[Brief descriptive captions]
»»
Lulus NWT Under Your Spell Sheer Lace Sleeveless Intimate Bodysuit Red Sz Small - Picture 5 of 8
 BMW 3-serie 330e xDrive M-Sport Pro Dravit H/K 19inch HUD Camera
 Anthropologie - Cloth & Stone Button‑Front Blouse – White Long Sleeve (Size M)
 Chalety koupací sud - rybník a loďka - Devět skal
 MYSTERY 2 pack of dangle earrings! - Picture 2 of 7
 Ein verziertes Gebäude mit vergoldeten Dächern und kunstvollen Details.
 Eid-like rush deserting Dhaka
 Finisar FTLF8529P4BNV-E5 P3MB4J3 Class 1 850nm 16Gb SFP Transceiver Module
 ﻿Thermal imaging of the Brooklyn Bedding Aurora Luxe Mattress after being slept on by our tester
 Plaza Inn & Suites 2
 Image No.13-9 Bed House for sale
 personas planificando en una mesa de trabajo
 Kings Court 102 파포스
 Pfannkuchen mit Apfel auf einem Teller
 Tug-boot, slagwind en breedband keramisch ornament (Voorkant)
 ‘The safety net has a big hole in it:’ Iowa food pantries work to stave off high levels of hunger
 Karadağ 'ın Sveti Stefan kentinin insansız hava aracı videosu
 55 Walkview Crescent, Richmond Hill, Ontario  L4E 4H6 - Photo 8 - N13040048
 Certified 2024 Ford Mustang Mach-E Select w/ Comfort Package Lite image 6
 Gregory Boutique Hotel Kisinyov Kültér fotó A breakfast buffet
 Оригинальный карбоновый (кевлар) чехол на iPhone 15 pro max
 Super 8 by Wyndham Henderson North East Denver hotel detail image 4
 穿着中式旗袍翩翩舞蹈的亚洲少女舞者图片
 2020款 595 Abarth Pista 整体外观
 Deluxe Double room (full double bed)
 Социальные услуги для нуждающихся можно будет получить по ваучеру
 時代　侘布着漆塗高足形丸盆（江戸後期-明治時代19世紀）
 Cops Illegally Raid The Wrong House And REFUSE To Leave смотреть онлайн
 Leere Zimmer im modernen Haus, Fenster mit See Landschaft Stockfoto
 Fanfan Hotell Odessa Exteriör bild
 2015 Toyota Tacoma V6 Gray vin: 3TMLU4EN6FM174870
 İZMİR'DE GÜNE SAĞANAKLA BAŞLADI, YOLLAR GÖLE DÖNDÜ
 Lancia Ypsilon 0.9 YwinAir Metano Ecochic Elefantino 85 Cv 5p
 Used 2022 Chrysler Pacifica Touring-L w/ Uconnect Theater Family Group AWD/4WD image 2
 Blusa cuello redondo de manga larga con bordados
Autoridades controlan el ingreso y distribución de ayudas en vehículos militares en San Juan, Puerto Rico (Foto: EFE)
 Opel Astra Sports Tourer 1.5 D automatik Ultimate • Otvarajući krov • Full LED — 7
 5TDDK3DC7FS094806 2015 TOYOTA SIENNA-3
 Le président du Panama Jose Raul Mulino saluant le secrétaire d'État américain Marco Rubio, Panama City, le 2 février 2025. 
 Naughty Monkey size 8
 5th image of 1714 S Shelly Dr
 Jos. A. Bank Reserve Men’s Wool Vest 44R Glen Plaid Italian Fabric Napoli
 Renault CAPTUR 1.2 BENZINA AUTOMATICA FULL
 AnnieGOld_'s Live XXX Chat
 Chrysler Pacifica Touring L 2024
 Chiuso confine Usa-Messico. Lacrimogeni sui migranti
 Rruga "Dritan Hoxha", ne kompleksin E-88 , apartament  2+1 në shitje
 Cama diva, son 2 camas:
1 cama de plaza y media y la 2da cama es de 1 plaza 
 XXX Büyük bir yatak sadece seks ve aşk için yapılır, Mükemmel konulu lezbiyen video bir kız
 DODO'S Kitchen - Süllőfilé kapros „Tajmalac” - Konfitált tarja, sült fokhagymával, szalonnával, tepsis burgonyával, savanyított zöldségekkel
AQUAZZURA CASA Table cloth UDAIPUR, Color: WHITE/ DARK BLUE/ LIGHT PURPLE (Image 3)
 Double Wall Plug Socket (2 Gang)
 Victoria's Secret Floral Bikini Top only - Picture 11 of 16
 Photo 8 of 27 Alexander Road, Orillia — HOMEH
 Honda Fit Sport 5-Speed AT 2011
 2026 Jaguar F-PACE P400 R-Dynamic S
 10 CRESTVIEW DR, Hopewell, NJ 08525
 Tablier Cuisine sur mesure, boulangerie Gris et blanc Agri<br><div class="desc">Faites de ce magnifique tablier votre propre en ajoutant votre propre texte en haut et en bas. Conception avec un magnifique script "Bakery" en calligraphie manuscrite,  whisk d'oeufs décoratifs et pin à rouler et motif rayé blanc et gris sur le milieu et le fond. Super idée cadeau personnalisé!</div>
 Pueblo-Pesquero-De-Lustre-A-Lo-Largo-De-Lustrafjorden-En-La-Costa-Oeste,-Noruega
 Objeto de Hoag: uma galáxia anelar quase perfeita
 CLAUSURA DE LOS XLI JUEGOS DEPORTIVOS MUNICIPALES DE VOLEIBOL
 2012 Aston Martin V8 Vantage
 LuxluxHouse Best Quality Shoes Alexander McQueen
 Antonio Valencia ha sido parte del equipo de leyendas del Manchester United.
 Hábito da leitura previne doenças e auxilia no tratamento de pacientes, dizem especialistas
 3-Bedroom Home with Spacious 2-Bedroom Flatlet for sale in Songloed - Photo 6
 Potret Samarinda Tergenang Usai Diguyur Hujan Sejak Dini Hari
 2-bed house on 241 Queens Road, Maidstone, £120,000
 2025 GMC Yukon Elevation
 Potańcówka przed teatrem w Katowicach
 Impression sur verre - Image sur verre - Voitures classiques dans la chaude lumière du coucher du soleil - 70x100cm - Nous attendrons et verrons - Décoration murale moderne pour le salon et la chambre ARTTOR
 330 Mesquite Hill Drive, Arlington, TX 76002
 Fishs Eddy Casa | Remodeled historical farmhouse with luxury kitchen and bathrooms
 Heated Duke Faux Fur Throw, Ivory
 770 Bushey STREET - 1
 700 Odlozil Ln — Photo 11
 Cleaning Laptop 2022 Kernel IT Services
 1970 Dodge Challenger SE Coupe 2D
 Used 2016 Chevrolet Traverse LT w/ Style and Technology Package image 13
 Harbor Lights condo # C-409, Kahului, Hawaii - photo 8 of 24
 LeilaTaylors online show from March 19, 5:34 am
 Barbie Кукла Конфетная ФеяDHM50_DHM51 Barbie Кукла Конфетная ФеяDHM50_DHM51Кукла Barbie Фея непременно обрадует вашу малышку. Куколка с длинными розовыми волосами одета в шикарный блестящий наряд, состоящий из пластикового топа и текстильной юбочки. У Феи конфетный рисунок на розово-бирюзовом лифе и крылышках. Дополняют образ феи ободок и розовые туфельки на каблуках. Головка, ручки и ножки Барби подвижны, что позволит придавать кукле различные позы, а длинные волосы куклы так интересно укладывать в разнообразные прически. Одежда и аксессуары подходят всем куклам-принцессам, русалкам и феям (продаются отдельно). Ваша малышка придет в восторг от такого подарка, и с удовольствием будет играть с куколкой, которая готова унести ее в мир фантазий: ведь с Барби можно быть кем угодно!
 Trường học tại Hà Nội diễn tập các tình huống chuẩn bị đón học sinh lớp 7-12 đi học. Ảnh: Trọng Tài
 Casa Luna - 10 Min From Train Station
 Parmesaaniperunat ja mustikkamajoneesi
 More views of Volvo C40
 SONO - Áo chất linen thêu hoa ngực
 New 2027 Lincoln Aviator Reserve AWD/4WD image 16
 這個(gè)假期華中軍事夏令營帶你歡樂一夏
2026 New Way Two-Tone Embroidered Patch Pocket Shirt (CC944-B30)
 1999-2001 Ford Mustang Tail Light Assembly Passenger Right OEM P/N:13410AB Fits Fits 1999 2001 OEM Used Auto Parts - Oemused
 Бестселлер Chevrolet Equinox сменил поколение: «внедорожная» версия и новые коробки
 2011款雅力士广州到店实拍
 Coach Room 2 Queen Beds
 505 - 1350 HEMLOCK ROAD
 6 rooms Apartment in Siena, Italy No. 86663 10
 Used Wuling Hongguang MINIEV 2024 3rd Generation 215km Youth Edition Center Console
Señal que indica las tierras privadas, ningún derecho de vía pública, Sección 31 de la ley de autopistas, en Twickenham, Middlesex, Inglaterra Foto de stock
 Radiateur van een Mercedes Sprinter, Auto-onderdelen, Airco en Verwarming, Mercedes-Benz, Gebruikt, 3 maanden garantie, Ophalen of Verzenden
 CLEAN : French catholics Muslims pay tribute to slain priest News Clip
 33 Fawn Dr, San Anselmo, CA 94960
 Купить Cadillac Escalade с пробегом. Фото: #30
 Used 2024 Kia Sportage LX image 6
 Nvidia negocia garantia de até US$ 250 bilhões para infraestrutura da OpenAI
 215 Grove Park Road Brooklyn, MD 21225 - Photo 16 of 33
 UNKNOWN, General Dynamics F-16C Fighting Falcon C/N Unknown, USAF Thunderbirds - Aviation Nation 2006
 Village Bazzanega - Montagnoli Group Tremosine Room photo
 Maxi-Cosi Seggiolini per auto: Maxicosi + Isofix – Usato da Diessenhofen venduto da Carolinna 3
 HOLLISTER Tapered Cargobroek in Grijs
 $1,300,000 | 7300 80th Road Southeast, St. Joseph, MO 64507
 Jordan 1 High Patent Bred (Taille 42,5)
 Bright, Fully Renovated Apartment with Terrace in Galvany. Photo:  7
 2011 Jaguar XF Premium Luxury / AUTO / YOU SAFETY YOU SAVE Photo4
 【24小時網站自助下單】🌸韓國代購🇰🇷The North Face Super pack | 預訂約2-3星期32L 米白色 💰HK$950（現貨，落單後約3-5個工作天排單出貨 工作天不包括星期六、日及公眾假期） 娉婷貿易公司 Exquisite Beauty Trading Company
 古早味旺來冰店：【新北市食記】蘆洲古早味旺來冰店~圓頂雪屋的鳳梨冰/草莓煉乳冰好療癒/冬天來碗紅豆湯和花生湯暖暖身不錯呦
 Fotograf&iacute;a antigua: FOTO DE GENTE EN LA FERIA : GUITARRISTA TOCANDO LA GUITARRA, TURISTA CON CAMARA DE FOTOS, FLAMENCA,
««
▸ **YOUR INSTRUCTIONS**
Repeat the entries above exactly, beginning at their first line and ending with the line that contains "Leere Zimmer im", with nothing added.

▸ **RESPONSE TO THE EXERCISE**
Lulus NWT Under Your Spell Sheer Lace Sleeveless Intimate Bodysuit Red Sz Small - Picture 5 of 8
 BMW 3-serie 330e xDrive M-Sport Pro Dravit H/K 19inch HUD Camera
 Anthropologie - Cloth & Stone Button‑Front Blouse – White Long Sleeve (Size M)
 Chalety koupací sud - rybník a loďka - Devět skal
 MYSTERY 2 pack of dangle earrings! - Picture 2 of 7
 Ein verziertes Gebäude mit vergoldeten Dächern und kunstvollen Details.
 Eid-like rush deserting Dhaka
 Finisar FTLF8529P4BNV-E5 P3MB4J3 Class 1 850nm 16Gb SFP Transceiver Module
 ﻿Thermal imaging of the Brooklyn Bedding Aurora Luxe Mattress after being slept on by our tester
 Plaza Inn & Suites 2
 Image No.13-9 Bed House for sale
 personas planificando en una mesa de trabajo
 Kings Court 102 파포스
 Pfannkuchen mit Apfel auf einem Teller
 Tug-boot, slagwind en breedband keramisch ornament (Voorkant)
 ‘The safety net has a big hole in it:’ Iowa food pantries work to stave off high levels of hunger
 Karadağ 'ın Sveti Stefan kentinin insansız hava aracı videosu
 55 Walkview Crescent, Richmond Hill, Ontario  L4E 4H6 - Photo 8 - N13040048
 Certified 2024 Ford Mustang Mach-E Select w/ Comfort Package Lite image 6
 Gregory Boutique Hotel Kisinyov Kültér fotó A breakfast buffet
 Оригинальный карбоновый (кевлар) чехол на iPhone 15 pro max
 Super 8 by Wyndham Henderson North East Denver hotel detail image 4
 穿着中式旗袍翩翩舞蹈的亚洲少女舞者图片
 2020款 595 Abarth Pista 整体外观
 Deluxe Double room (full double bed)
 Социальные услуги для нуждающихся можно будет получить по ваучеру
 時代　侘布着漆塗高足形丸盆（江戸後期-明治時代19世紀）
 Cops Illegally Raid The Wrong House And REFUSE To Leave смотреть онлайн
 Leere Zimmer im modernen Haus, Fenster mit See Landschaft Stockfoto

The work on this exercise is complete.